AYLIK ENFLASYON VURGULARI ÇIKARILDI
Merkez Bankası, önceki metinlerinden farklı olarak temel mal enflasyonunun görece düşük seyrettiğini son çeyreğe ilişkin göstergelerin yurt içi talebin enflasyondaki düşüşü destekleyici seviyelerde bulunduğunu gösterdiğini kaydetti. Merkez Bankası PPK metninde enflasyon beklentileri ve fiyatlama davranışları iyileşme eğilimi sergilemekle birlikte, dezenflasyon süreci açısından risk unsuru olmaya devam ettiğine işaret etti. PPK metninde önemli ikinci değişiklik de para politikasına yönelik paragrafta yapıldı. İlk paragrafta olduğu gibi bu bölümde de aylık enflasyon bölümlerini çıkaran Merkez Bankası yine ana eğilim ile enflasyonda düşüş ifadeleri ile dikkat çekti. Metinde, para politikasındaki kararlı duruşun; yurt içi talepte dengelenme, Türk lirasında reel değerlenme ve enflasyon beklentilerinde düzelme vasıtası ile dezenflasyon sürecini güçlendirdiği vurgulanarak maliye politikasının artan eşgüdümünün de bu sürece önemli katkı sağlayacağı kaydedildi.
GERÇEKLEŞEN ENFLASYON METNE GİRDİ
“Enfl asyonda kalıcı düşüş ve fiyat istikrarı sağlanana kadar sıkı para politikası duruşu sürdürülecektir” cümlesi önceki PPK metinlerinde aylık enflasyonda ana eğilime bağlı olarak ifade edilirken bu kez manşet enflasyona işaret edilerek yer aldı.
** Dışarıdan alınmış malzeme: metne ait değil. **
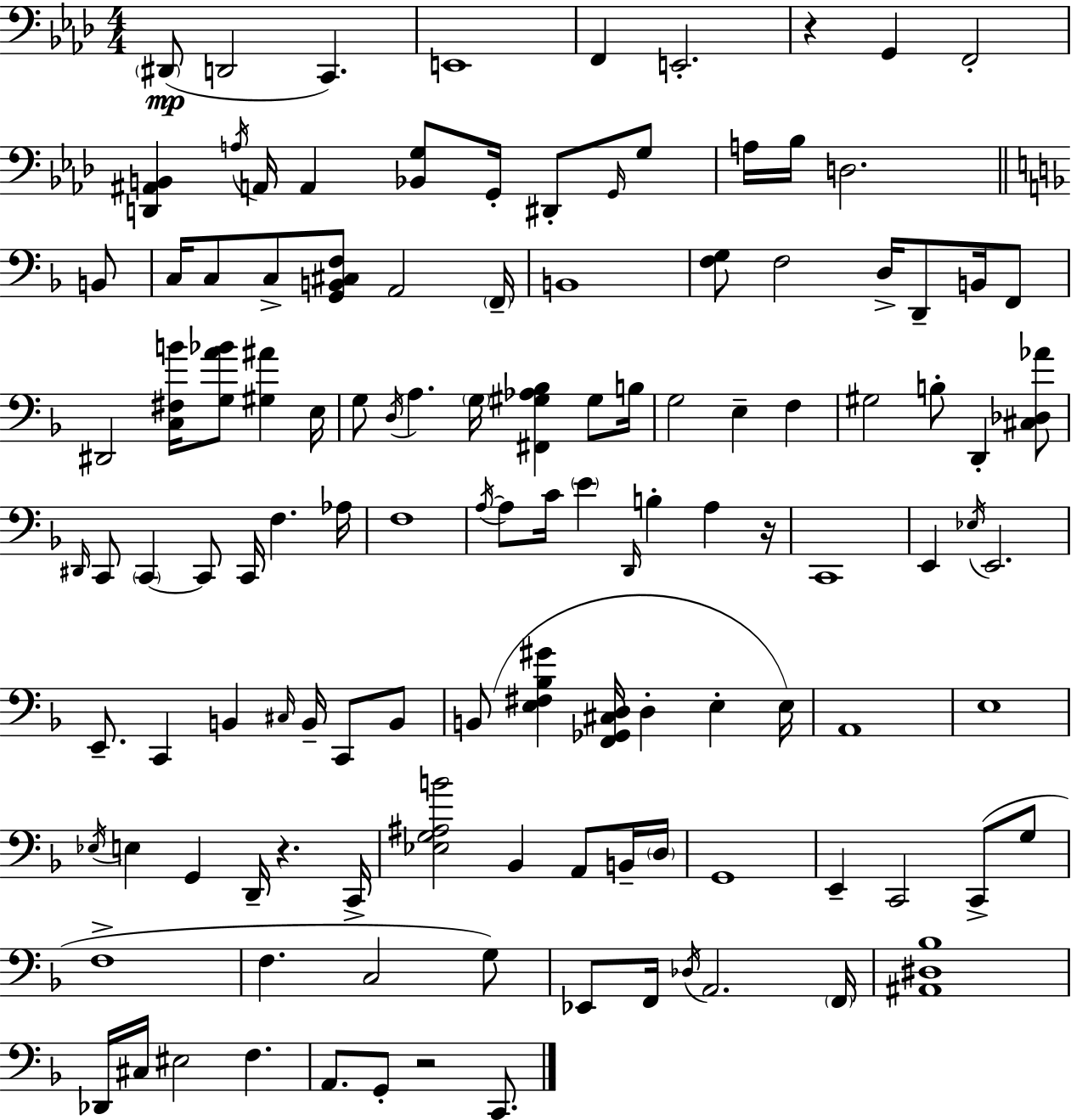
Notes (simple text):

D#2/e D2/h C2/q. E2/w F2/q E2/h. R/q G2/q F2/h [D2,A#2,B2]/q A3/s A2/s A2/q [Bb2,G3]/e G2/s D#2/e G2/s G3/e A3/s Bb3/s D3/h. B2/e C3/s C3/e C3/e [G2,B2,C#3,F3]/e A2/h F2/s B2/w [F3,G3]/e F3/h D3/s D2/e B2/s F2/e D#2/h [C3,F#3,B4]/s [G3,A4,Bb4]/e [G#3,A#4]/q E3/s G3/e D3/s A3/q. G3/s [F#2,G#3,Ab3,Bb3]/q G#3/e B3/s G3/h E3/q F3/q G#3/h B3/e D2/q [C#3,Db3,Ab4]/e D#2/s C2/e C2/q C2/e C2/s F3/q. Ab3/s F3/w A3/s A3/e C4/s E4/q D2/s B3/q A3/q R/s C2/w E2/q Eb3/s E2/h. E2/e. C2/q B2/q C#3/s B2/s C2/e B2/e B2/e [E3,F#3,Bb3,G#4]/q [F2,Gb2,C#3,D3]/s D3/q E3/q E3/s A2/w E3/w Eb3/s E3/q G2/q D2/s R/q. C2/s [Eb3,G3,A#3,B4]/h Bb2/q A2/e B2/s D3/s G2/w E2/q C2/h C2/e G3/e F3/w F3/q. C3/h G3/e Eb2/e F2/s Db3/s A2/h. F2/s [A#2,D#3,Bb3]/w Db2/s C#3/s EIS3/h F3/q. A2/e. G2/e R/h C2/e.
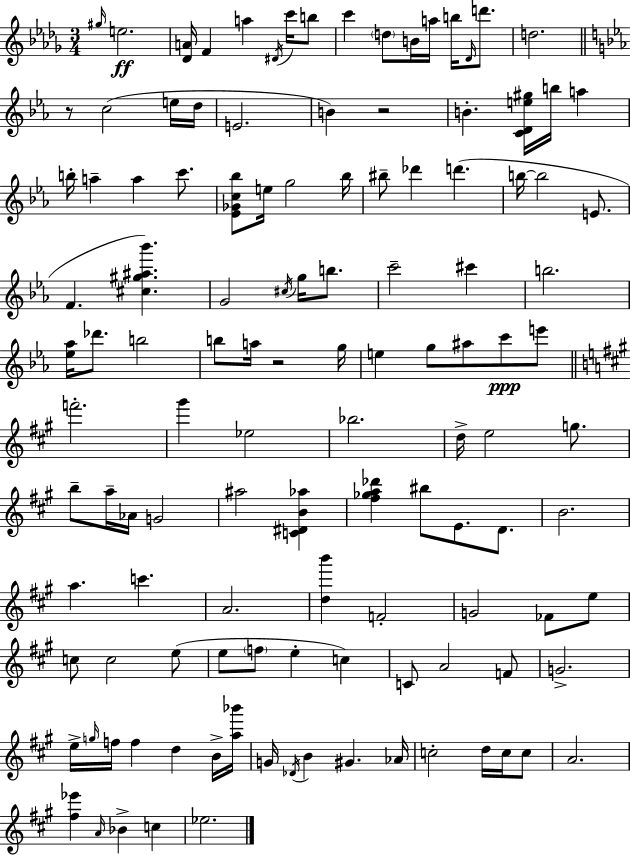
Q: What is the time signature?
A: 3/4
Ayrıca, “Bu doğrultuda, politika faizi; enflasyon gerçekleşmeleri, ana eğilimi ve beklentileri göz önünde bulundurularak öngörülen dezenflasyon sürecinin gerektirdiği sıkılığı sağlayacak şekilde belirlenecektir” denilerek gerçekleşen enflasyona dikkat edileceği de vurgulandı.
Bu ifadeler de gerçekleşen manşet enflasyonda dikkat çekilmesi ve piyasanın Merkez Bankası’nın yılsonu enflasyon beklentisinin üst sınırının da altına inen enflasyon beklentileri nedeniyle önümüzdeki toplantılarda yapılacak indirimlerde Merkez Bankası’nın elinin daha rahat olduğu olarak yorumlandı.
PPK metninde aralık ayında olduğu gibi kurulun, kararlarını enflasyon görünümü odaklı, ihtiyatlı ve toplantı bazlı bir yaklaşımla alacağı ve enflasyonda belirgin ve kalıcı bir bozulma öngörülmesi durumunda para politikası araçları etkili şekilde kullanılacağı ifadeleri korundu.
■ VADE Mİ UZAYACAK? LİKİDİTE SENEDİ Mİ ÇIKARILACAK?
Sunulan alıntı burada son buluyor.